Mandelbrot Set

Im not sure who will read these blogs, but I really like the material and I hope that someone will find it useful in the future. Its also a pretty good way to archive a lot of content I may want to keep in the future. So... without further adu, I guess, here is the Mandelbrot set.

The original rendering of the Mandelbrot Set by Robert Brooks and Peter Matelski. (Source) Its a little lower resolution than what we can make today.

Dispite it's name, the Mandelbrot set was first drawn in 1978 by Robert W. Brooks and Peter Matelski while exploring fractional linear transformations in the complex plane (Source). Then, shortly after, in 1980, it was rendered by Benoit Mandelbrot at the Thomas J. Watson Research Center. He was studying the parameter space of quadratic polynomials (\(ax^2 + bx + c = 0\)). Those of you who are already framiliar with the Mandelbrot set are probably able to see where this is going. In his paper titled "Fractal Aspects of the Iteration of \( z \to \lambda z (1-z) \) for complex \(\lambda\) and \(z\)" (you can read the paper here) Mandelbrot explores the iteration of a function \(f\) and how that iteration behaves with different parameters. We will essentially follow his work, but with modern tools because I am writing this on a laptop with more processing resources than IBM's best computer at the time. (They had a whole 333 megaflops in 1988!)

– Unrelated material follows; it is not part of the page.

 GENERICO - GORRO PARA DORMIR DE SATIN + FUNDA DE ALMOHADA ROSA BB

First of all, what does it mean to iterate a function? Well, if we have a function that takes a complex number as input and outputs another complex number $$ f : \mathbb{C} \to \mathbb{C} $$ then we can apply the function to an input \(z\in\mathbb{C}\) (read \(z\) in the set of complex numbers) and get some output \(\omega\in\mathbb{C}\). Lets look at a concrete example.

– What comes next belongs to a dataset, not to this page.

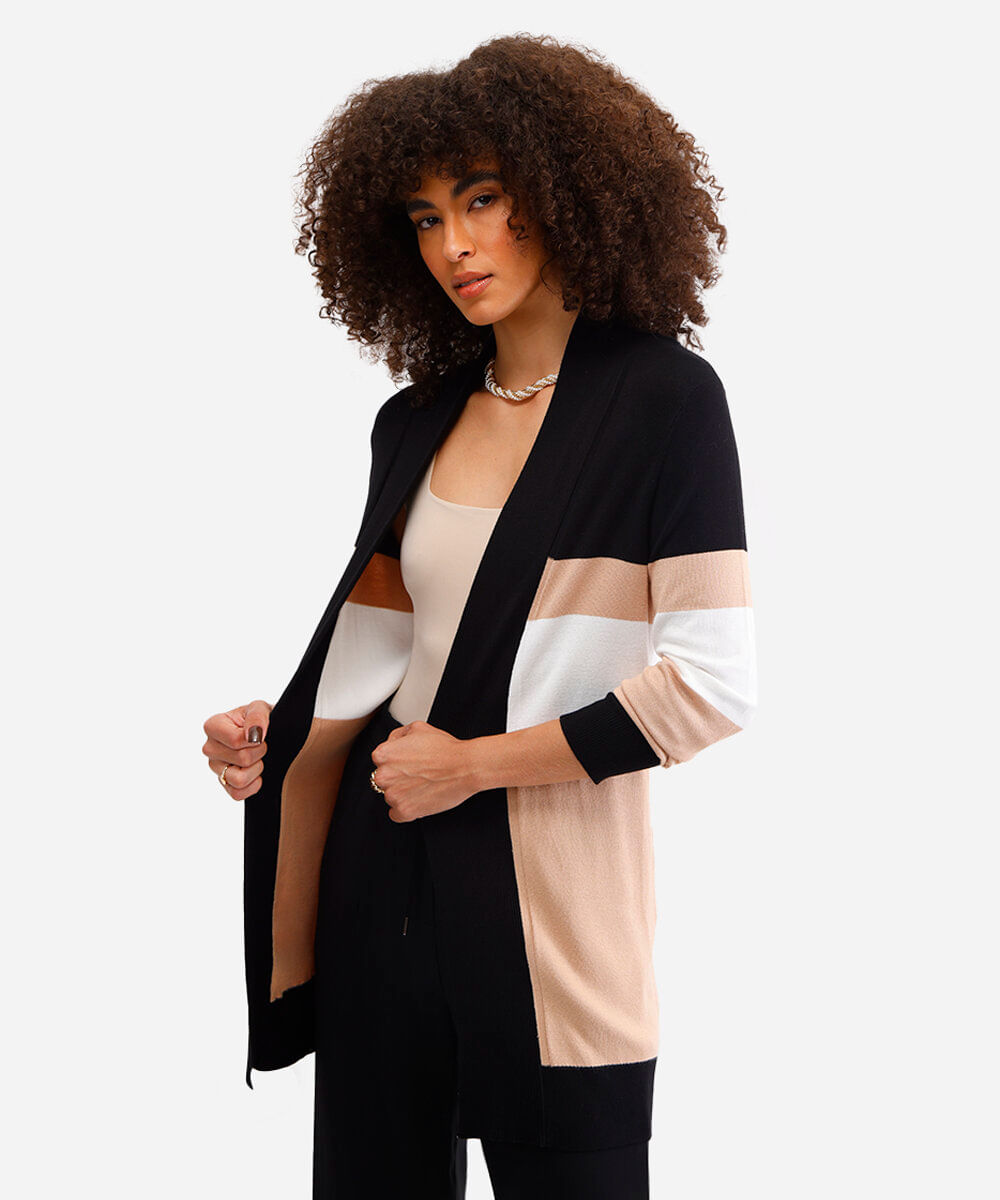 cardigan de tricô detalhe canelado bege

Let \(f : \mathbb{C} \to \mathbb{C}\) be a function such that $$ f(z) = 2z $$ Then we can calculate the values that different inputs get mapped to. $$ \begin{align*} f(0) &= 0 \\ f(1) &= 2 \\ f(-1) &= -2 \\ f\left(\frac{1}{2}\right) &= 02\\ f(\pi) &= 2\pi \\ f(3+4i) &= 2(3+4i) = 6 + 8i \end{align*} $$

In plain terms, a function is just a relationship that maps inputs to outputs according to some process. (That isn't the most precise but it is a good intuition for how we are thinking of functions here.) In order to iterate a funciton, we simply take apply the function to some input to obtain an output, then we apply the same function to that output to obtain another, different output. To keep track of this process, we need some notation.

If we let \(z_0 \in\mathbb{C}\) (remember, this is just saying that \(z_0\) is a complex number) then we can say that $$ \begin{align*} z_1 &= f(z_0) \\ z_2 &= f(z_1) = f(f(z_0)) \\ z_3 &= f(z_2) = f(f(f(z_0))) \\ &... \\ z_n &= f(z_{n-1}) = f(f(... f(z_0)... )) \end{align*} $$ We are just applying the same function over and over again.


Let \(f(z) = 2z\) and let \(z_0 = 1\). Then we get $$ \begin{align*} z_0 &= 1 \\ z_1 &= f(z_0) = f(1) = 2 \\ z_2 &= f(z_1) = f(2) = 4 \\ z_3 &= f(z_2) = f(4) = 8 \\ &... \\ z_n &= 2^n \end{align*} $$

Now that we have some of the basics under our belts, we can get to what the Mandelbrot set actualy is. The mandelbrot set is a set of points in the complex plane \(c\in\mathbb{C}\) such that the function \(f(z)=z^2+c\) doesn't diverge when the function is iterated starting with \(z_0=0\). When we say that something doesn't diverge, we are essentially saying that the \(z_0,z_1,z_2...\) don't "blow up" to infinity as we iterate.

For the real numbers, a simple way to check that our sequence is bounded is to find some number \(b\) such that for every \(x_i\in(x_n)\) it is true that \(x_i < b\). In other words, find a \(b\) that is bigger than every element in our sequence, then because every element is less than \(b\), they can't "blow up" to infinity. There is an analagous method for the complex numbers, where we can pick some number \(\omega\) such that for every \(z_i\in(z_n)\) it is true that \(|z_i| < |\omega|\) where \(|z|\) is the complex modulus of \(z\). (\(|a+bi|=\sqrt{a^2+b^2}\))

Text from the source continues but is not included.